The multi-stack in HoMn${}_6$Ge${}_6$ is an interesting feature that warrants further theoretical investigation. Constant energy contours are calculated for E–E${}_F$ = 100 meV, 0 meV, −100 meV, −200 meV, −300 meV, and −400 meV. Slightly above the Fermi level (Figure 5A), the $\overline{\mathrm{K}}$ points possess the bulk bands that separate the main Chern gap above the Fermi level (Figure 4D) and the secondary Chern gap below the Fermi level. At the Fermi level (Figure 5B), there are four bands that enclose the $\overline{\Gamma }$ point; from the center, they are circular, hexagonal, hexagonal, and a hexagon rotated by 15${}^{\circ }$. These bands cross the Chern gap and form the main Chern-gaped Dirac cone. At 200 meV below the Fermi level, the secondary Chern gap begins to form. As opposed to the Chern gap in HoMn${}_6$Sn${}_6$, the $\overline{\mathrm{K}}$ points do not have bands that interfere with the Chern features. As the binding energy increases, the Chern gap stays persistent and the $\overline{\Gamma }$-centered hexagonal bands continue to shrink (Figure 5D,E) until they end around 400 meV below the Fermi level (Figure 5F). In order to elucidate the nature of the fractional values, mirror Chern is calculated with Wilson loop analysis ${\mathbb{C}}_G^{\pm }=\frac{1}{2\pi }{\int }_{2DBZ}{\sum }_{n=1}^J{f}_{nk}^{\pm }{\Omega }_n^z(k_x,k_y,k_z=0)d{k}_{x}d{k}_y$ [55]. This reveals HoMn${}_6$Sn${}_6$ to be a Chern insulator (Figure 2A) with a value of one and HoMn${}_6$Sn${}_4$Ge${}_2$ (Figure 2B), HoMn${}_6$Sn${}_2$Ge${}_4$ (Figure 2C), and HoMn${}_6$Ge${}_6$ to be fractionally charged insulators (Figure 2D). Performing the bulk 3D Chern analysis shows more fractional charges in the gap with values ${\mathbb{C}}_{\mathcal{F}}$ = $\frac{1}{4}$,$\frac{1}{3}$,$\frac{1}{2}$,$\frac{2}{3}$,$\frac{3}{4}$ (see Supplementary Materials).

4. Conclusions

In conclusion, the Chern gap in HoMn${}_6$Sn${}_6$ closes and then forms a multi-stack Chern gap in HoMn${}_6$Ge${}_6$ with an increase in Ge doping. This theoretical investigation points towards an intriguing study of topological Chern gaps in RMn${}_6$Ge${}_6$, which could potentially host novel topological effects due to the existence of two Chern gaps in this material.

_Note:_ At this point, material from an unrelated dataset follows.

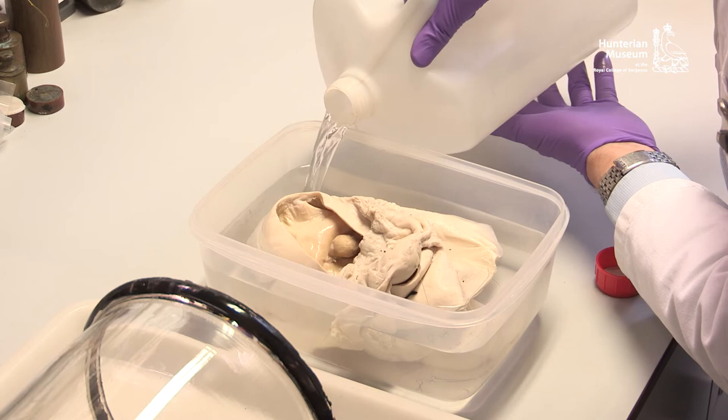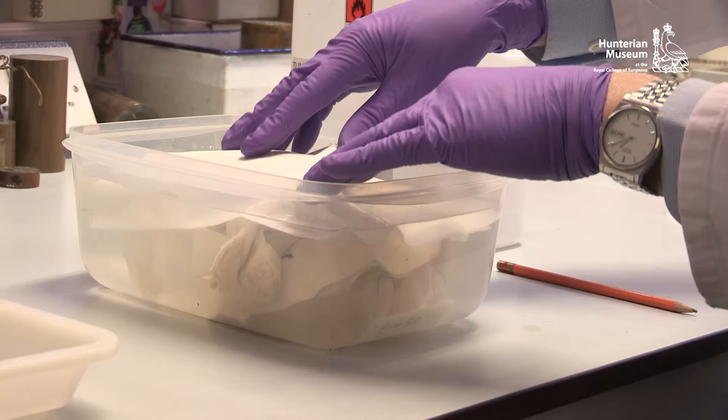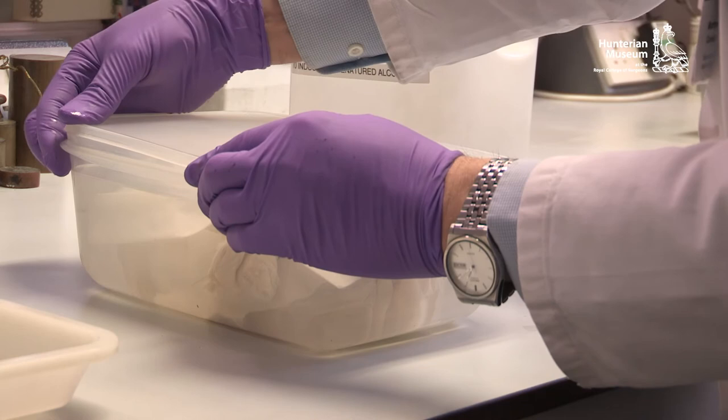Some specimens might float and protrude above the fluid level. A piece of absorbent tissue can be used to cover the specimen. It is essential that the storage container has a tight-fitting lid if the specimen is going to be stored for a long period.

Even more interestingly, the Chern-gapped Dirac fermions have fractional charges similar to fractional Chern fermions; this provides motivation for the study of these fermions and their relation to non-Abelian quasiparticles. This discovery promotes further investigation with scanning tunneling microscopy (STM), angle-resolved photo emission spectroscopy (ARPES), and electronic measurements.